La mancanza del capoprogetto,
del curatore, del responsabile, del leader, dell’unica testa che può essere
premiata o tagliata, in senso metaforico ovviamente, è un problema che vale per
la cultura, per i lavori pubblici, per la scuola, perfino per lo sport.
Ovviamente ciò è frutto di un retaggio storico-culturale (sacrosanto) che ha
fatto sorgere nella nostra intellighenzia, nella nostra opinione pubblica e poi
quindi nella nostra organizzazione dello Stato, a partire dalla Costituzione,
una certa sana diffidenza nei confronti dell’uomo solo al comando, visto il
dramma del fascismo.

La cosa è andata via via peggiorando, dal punto di vista
dell’incapacità ad accettare un decisore unico che si assume le responsabilità
ed eventualmente paga pegno elettorale e/o professionale per i propri errori,
tanto da far risultare per molti versi incompatibili con il nostro sistema
leader politici come Bettino Craxi e poi figure tecnico-gestionali come Guido Bertolaso,
al di là delle specifiche circostanze e degli errori che hanno
segnato le storie personali di entrambi questi esempi. (Il caso Berlusconi,
anche su questo campo, meriterebbe un discorso a parte e ovviamente molto lungo). 

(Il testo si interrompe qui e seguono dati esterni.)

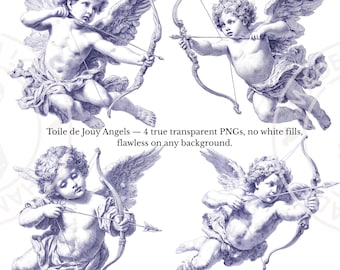 Toile de Jouy Amor Clipart • 4 transparente Engel • Valentine Line Art PNGs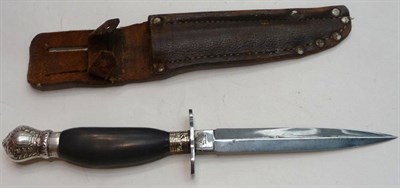 Lot 244 - A Late Victorian Knife by J Nowill & Sons, Sheffield, the 15.5cm double edge steel blade with...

Chi gestisce decidendo? Questo
è il problema.
Ecco come lo spiega, tornando dal macro delle responsabilità del
governo nazionale allo specifico di questioni come la gestione dei terremoti,
il ministro Barca: “Il modo per sbloccare molti interventi che sono fermi non
è, come dicono molti, semplificare le procedure ma individuare qualcuno che le
gestisca, assumendosene la responsabilità. Siamo bravissimi nelle emergenze, poi
però ci perdiamo nella ricostruzione”.

Anche quest’ultima frase ha un doppio
significato (politico e no) come quella sulle gru nei cantieri?